[Task goal] Only an exact copy is wanted: the lines from the one holding "Proof Two Pound Coin PR64 DCAM" through the last line below, minus the pictures.

[Given data]
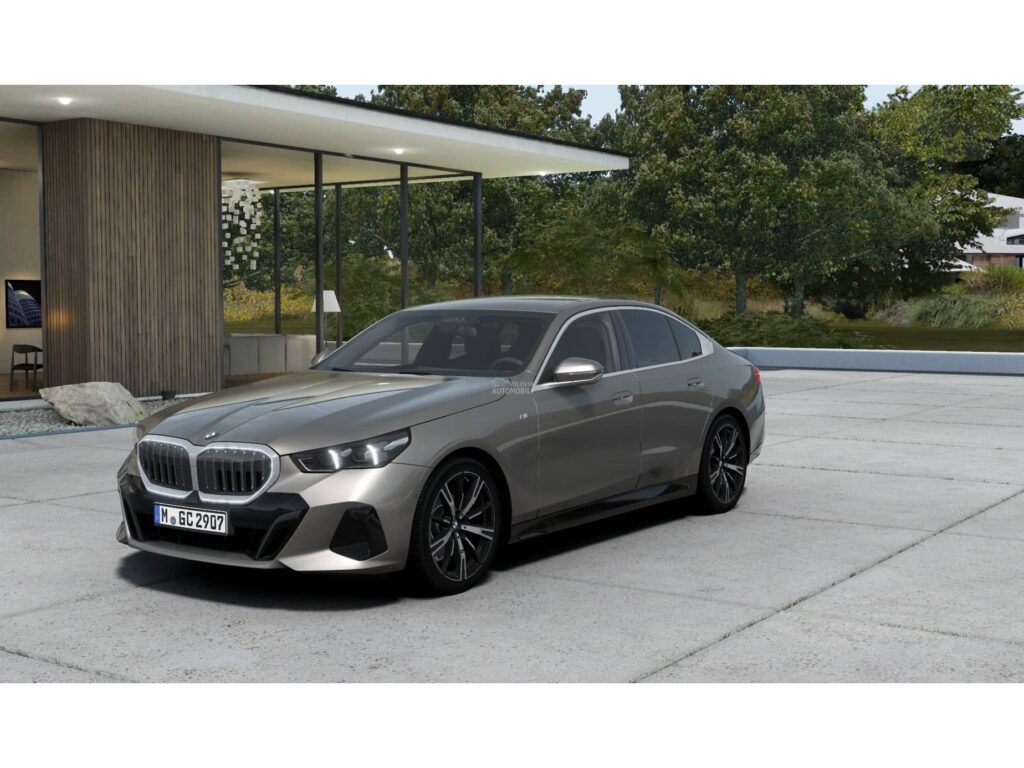 BMW 520 d xDrive AKCIJSKI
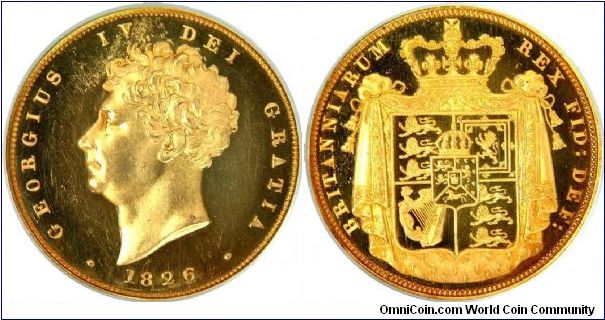 Proof Two Pound Coin PR64 DCAM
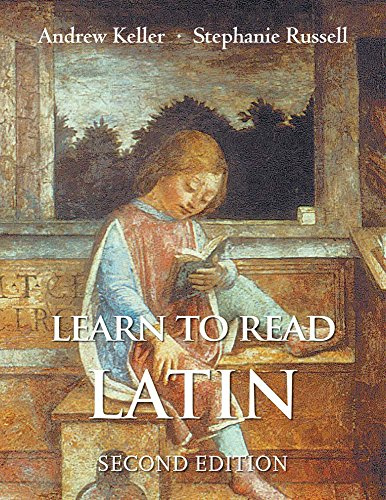 Learn to Read Latin, Second Edition: Textbook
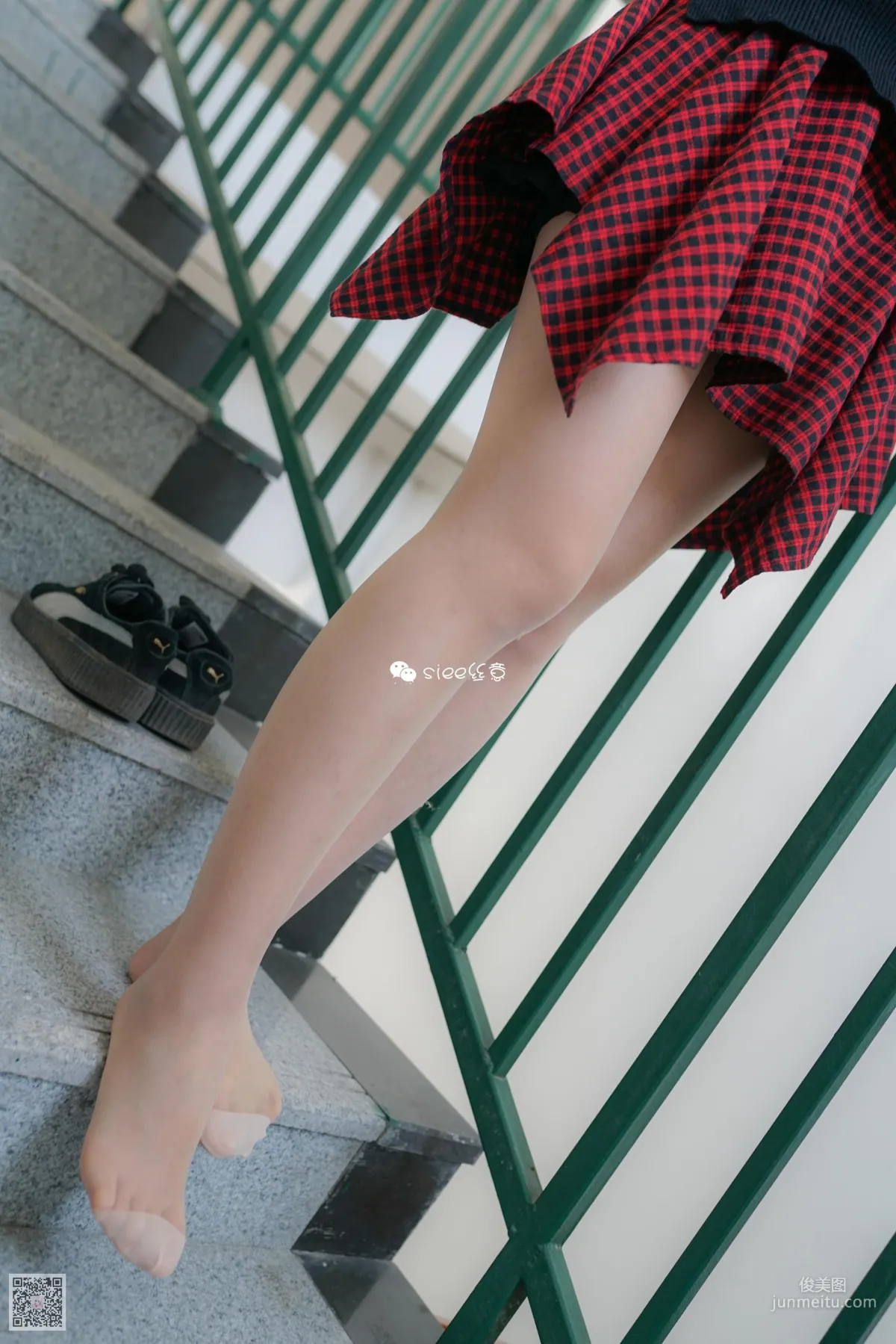 静静《~静待光阴》 [丝意SIEE] No.271 写真集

[Result below]
 Proof Two Pound Coin PR64 DCAM
 Learn to Read Latin, Second Edition: Textbook
 静静《~静待光阴》 [丝意SIEE] No.271 写真集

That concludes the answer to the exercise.